* _ASSIGNMENT_: Every line in the listing below from the one with "Eastpak K0A5BG4 - POLYESTER" through the one with "magnetofon-szpulowy-unitra-zk-127-marka-unitra" is to be reproduced exactly, both ends included; leave out the rest.

* _INPUT FOR THIS TASK_:
* * *
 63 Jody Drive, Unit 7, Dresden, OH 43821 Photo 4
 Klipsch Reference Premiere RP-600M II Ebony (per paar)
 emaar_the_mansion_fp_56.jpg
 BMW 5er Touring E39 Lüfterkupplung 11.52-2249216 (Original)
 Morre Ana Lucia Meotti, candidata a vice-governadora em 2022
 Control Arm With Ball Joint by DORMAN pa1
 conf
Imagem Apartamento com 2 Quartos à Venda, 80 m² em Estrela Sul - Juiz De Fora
* * *
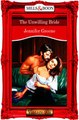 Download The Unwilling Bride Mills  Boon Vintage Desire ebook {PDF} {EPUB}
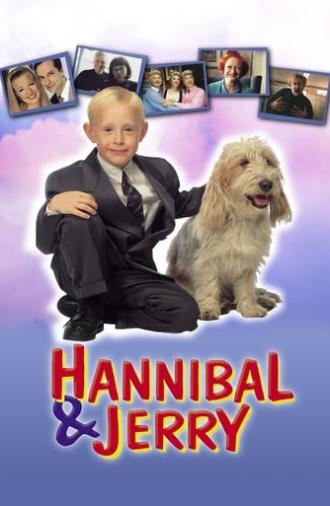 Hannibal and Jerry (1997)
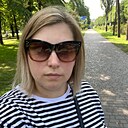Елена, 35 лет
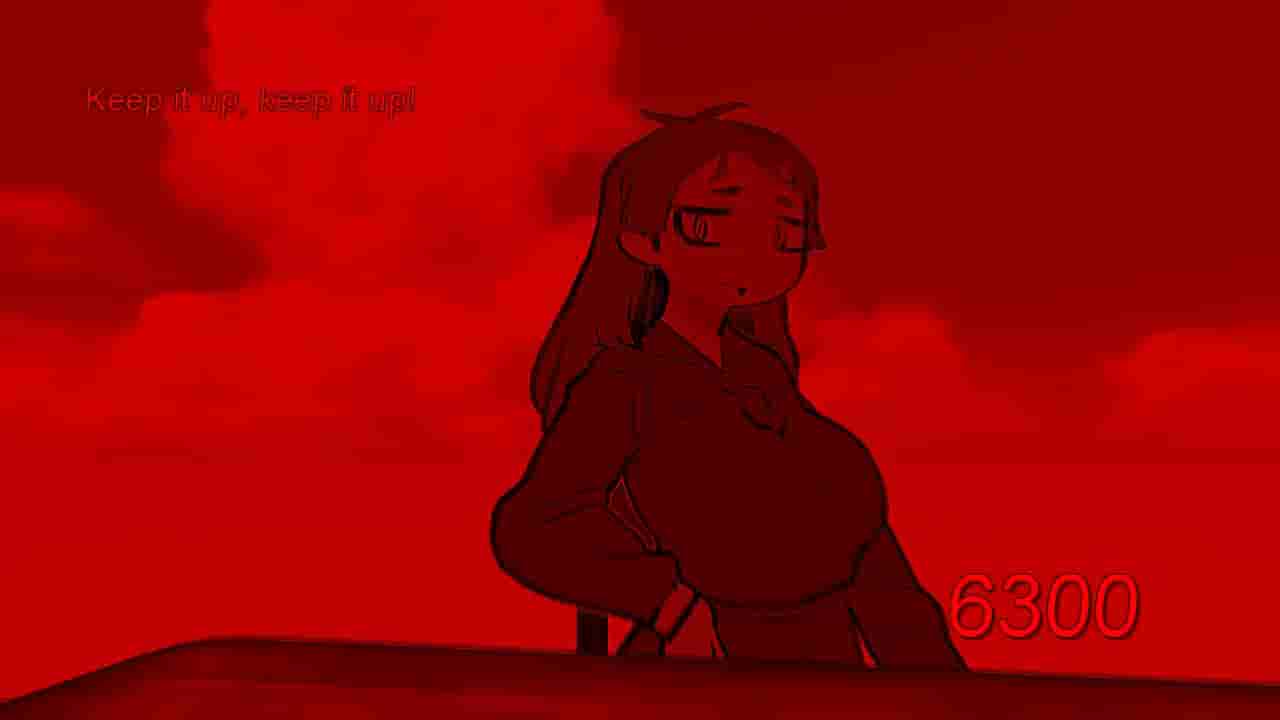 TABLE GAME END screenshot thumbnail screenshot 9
* * *
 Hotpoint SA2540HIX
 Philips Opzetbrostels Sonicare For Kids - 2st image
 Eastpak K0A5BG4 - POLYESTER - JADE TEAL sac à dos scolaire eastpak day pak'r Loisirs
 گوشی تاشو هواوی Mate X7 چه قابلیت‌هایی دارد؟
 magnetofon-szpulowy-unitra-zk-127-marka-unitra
* * *
* _ANSWER SECTION_:
 Eastpak K0A5BG4 - POLYESTER - JADE TEAL sac à dos scolaire eastpak day pak'r Loisirs
 گوشی تاشو هواوی Mate X7 چه قابلیت‌هایی دارد؟
 magnetofon-szpulowy-unitra-zk-127-marka-unitra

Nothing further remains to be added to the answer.